A detailed technical usage view in the Developer Console is fully sufficient - no need to reflect that in the invoice again.
Billing Note
Depending on cost levels, credit card limits might not be sufficient.
A “pay on account” model, similar to what exists in the solution partner context, would be more practical for us.
+1 for this proposal. For tax & accounting purposes, option 1 if fine. But for architectural analysis we need option 3 and option 2 (preferably per app, and per data residency region) at least in the console.
As a decade long customer of AWS, their billing experience has often allowed me to detect parts of the infrastructure that were long deemed obsolete but were still incurring costs.
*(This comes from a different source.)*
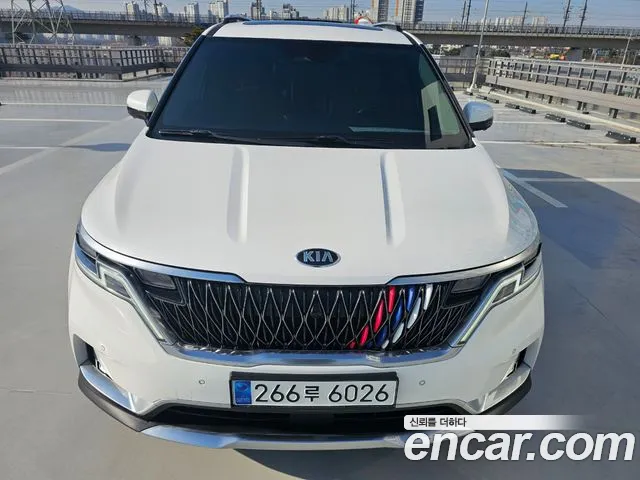Kia Carnival 2021 thumb 2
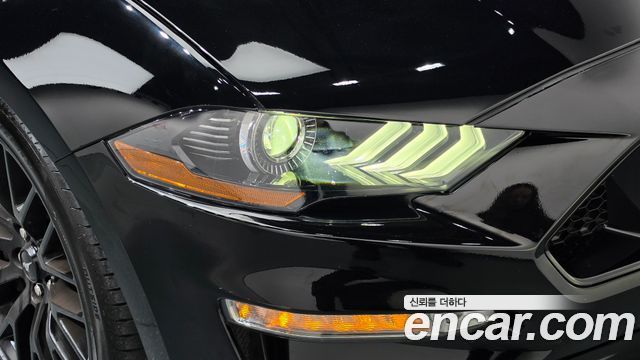 Ford Mustang 2022 — photo 8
If we only get option 1, we will never be able to detect this.
+1 to Option 1 with a drill down to option 2 for each app. Option 1 allows me to deal with budgeting and understanding the return for each app. Option 2 allows me to understand why and how I can reduce costs. Ideally I’d be able to see how the numbers change over time to know which apps and which functionality is costing me an abnormal amount more than it used to.
At our size I don’t care about splitting payments over multiple payments methods. We would be putting everything on one card from all apps.
Paypal is a show stopper for me. Credit Card I can manage, but would prefer a bank tranfer, or even a Direct Debits would work for me.
In any case, payment for Forge usage should only be billed AFTER the revenue share is payed out like other have also stated.
I would also be interested to know what would happen if the payment fails? Will the app stop working immediately, or will it be allowed to keep functioning while the vendor is contacted to correct the payment/payment details.
Next to this I would be interested to know if vendors will be able to set limits for their apps.
Or be able to identify which tenant is casing a usage costs spike.
Option 1 for the invoice works for me, but being able to drill down (either by attached pages or in the developer console) to get the data of option 2 and 3 is critical. And these should be filterable by app as well.